Cierras -empujas- la puerta detrás de ti y al fin levantas los ojos hacia el tragaluz inmenso que hace las veces de techo. Sonríes al darte cuenta de que ha bastado la luz del crepúsculo para cegarte y contrastar con la penumbra del resto de la casa. Pruebas, con alegría, la blandura del colchón en la cama de metal dorado y recorres con la mirada el cuarto: el tapete de lana roja, los muros empapelados, oro y oliva, el sillón de terciopelo rojo, la vieja mesa de trabajo, nogal y cuero verde, la lámpara antigua, de quinqué, luz opaca de tus noches de investigación, el estante clavado encima de la mesa, al alcance de tu mano, con los tomos encuadernados. Caminas hacia la otra puerta y al empujarla descubres un baño pasado de moda: tina de cuatro patas, con florecillas pintadas sobre la porcelana, un aguamanil azul, un retrete incomodo. Te observas en el gran espejo ovalado del guardarropa, también de nogal, colocado en la sala de baño.
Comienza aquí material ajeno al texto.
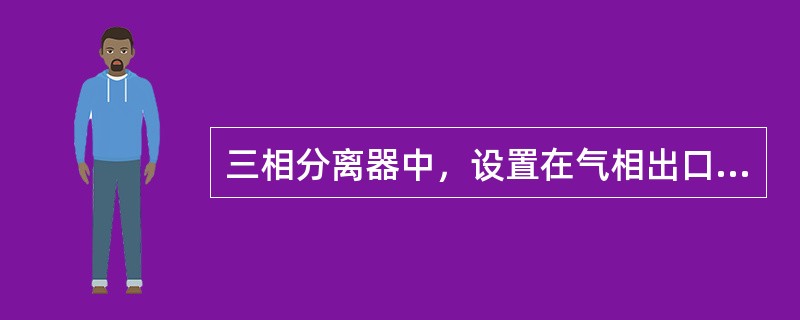 三相分离器中，设置在气相出口用于捕获气相中小液滴的部件为（）。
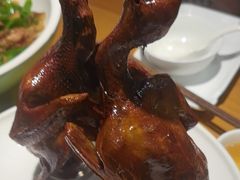 -大鸽饭(马王堆店)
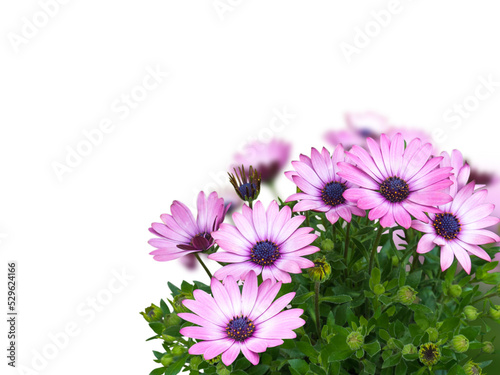 African daisy or osteospermum blue-eyed pink flowers corner bouquet isolated transparent png photo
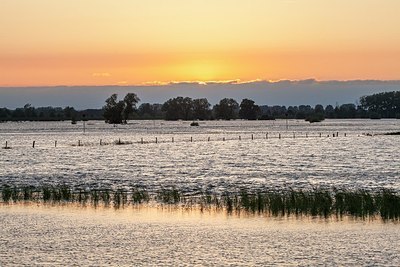 BUITEN BEELD Foto: 205668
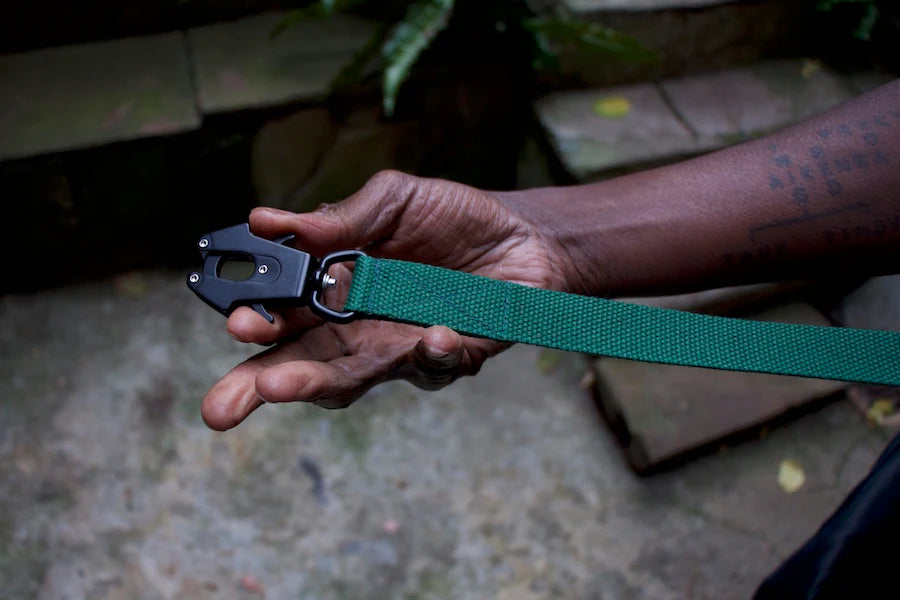 Hindquarters Green Lead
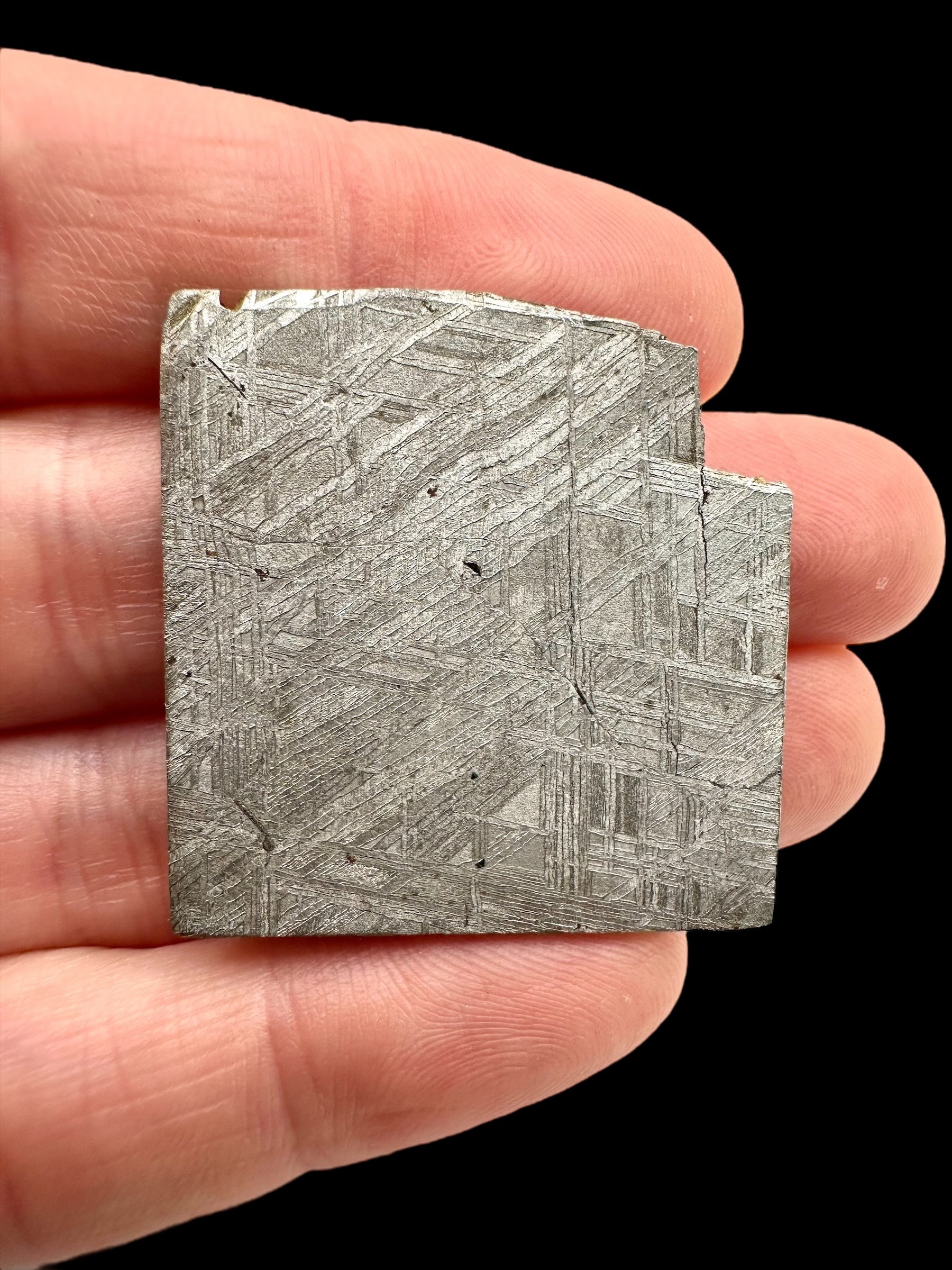 Meteorite Muonionalusta 14,7g – Norrbotten, Sweden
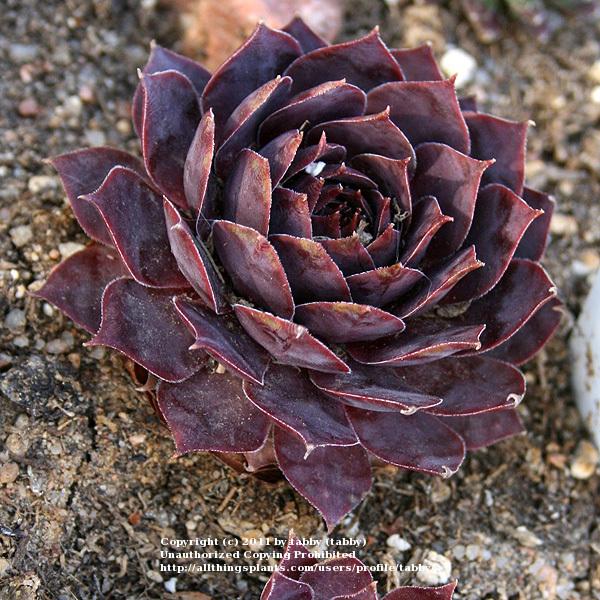 Photo of Hen and Chicks (Sempervivum 'Fuego') uploaded by tabby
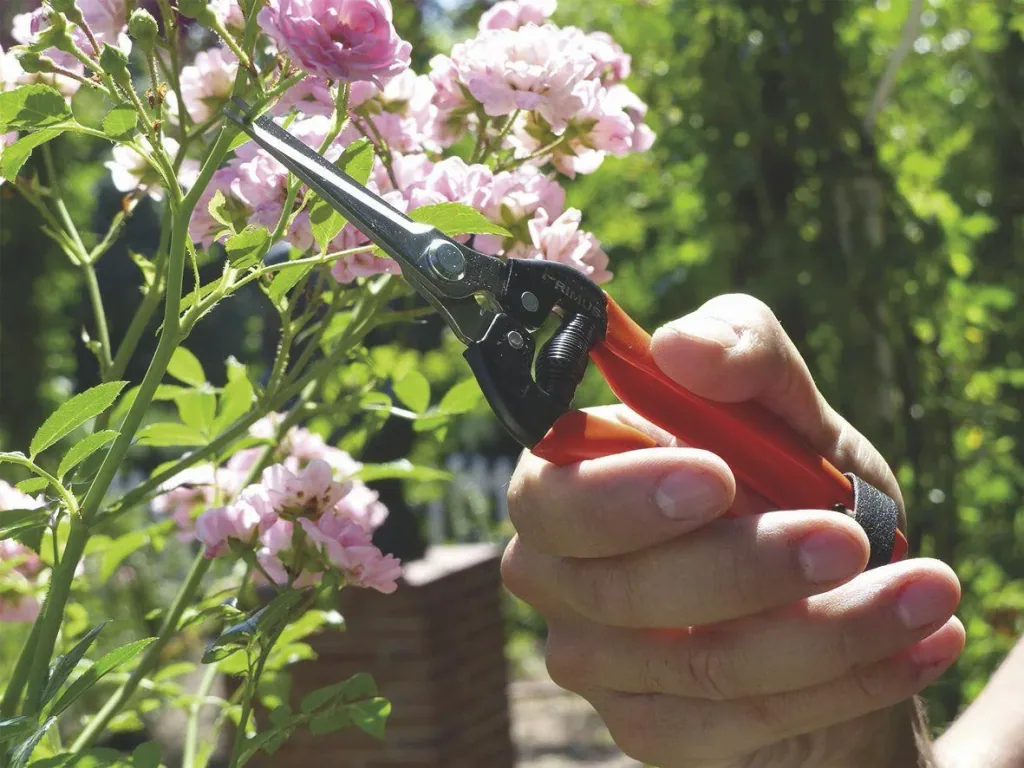 "Wunderschere" - de allesnijder voor huis en tuin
Mueves tus cejas pobladas, tu boca larga y gruesa que llena de vaho el espejo; cierras tus ojos negros y, al abrirlos, el vaho habrá desaparecido. Dejas de contener la respiración y te pasas una mano por el pelo oscuro y lacio; tocas con ella tu perfil recto, tus mejillas delgadas. Cuando el vaho opaque otra vez el rostro, estarás repitiendo ese nombre, Aura.
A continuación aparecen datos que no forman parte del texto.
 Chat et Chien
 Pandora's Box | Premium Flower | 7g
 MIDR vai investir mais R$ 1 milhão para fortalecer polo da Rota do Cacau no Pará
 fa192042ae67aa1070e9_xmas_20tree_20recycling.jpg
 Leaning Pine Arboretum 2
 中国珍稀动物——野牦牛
Consultas el reloj, después de fumar dos cigarrillos, recostado en la cama. De pie, te pones el saco y te pasas el peine por el cabello. Empujas la puerta y tratas de recordar el camino que recorriste al subir. Quisieras dejar la puerta abierta, para que la luz del quinqué te guié: es imposible, porque los resortes la cierran. Podrías entretenerte columpiando esa puerta. Podrías tomar el quinqué y descender con el. Renuncias porque ya sabes que esta casa siempre se encuentra a oscuras. Te obligaras a conocerla y reconocerla por el tacto. Avanzas con cautela, como un ciego, con los brazos extendidos, rozando la pared, y es tu hombro lo que, inadvertidamente, aprieta el contacto de la luz eléctrica. Te detienes, guiñando, en el centre iluminado de ese largo pasillo desnudo. Al fondo, el pasamanos y la escalera de caracol..
Desciendes contando los peldaños: otra costumbre inmediata que te habrá impuesto la casa de la señora Llorente. Bajas contando y das un paso atrás cuando encuentres los ojos rosados del conejo que en seguida te da la espalda y sale saltando.
No tienes tiempo de detenerte en el vestíbulo porque Aura, desde una puerta entreabierta de cristales opacos, te estará esperando con el candelabro en la mano. Caminas, sonriendo, hacia ella; te detienes al escuchar los maullidos dolorosos de varios gatos -si, te detienes a escuchar, ya cerca de la mano de Aura, para cerciorarte de que son varios gatos- y la sigues a la sala: Son los gatos -dirá Aura-. Hay tanto ratón en esta parte de la ciudad.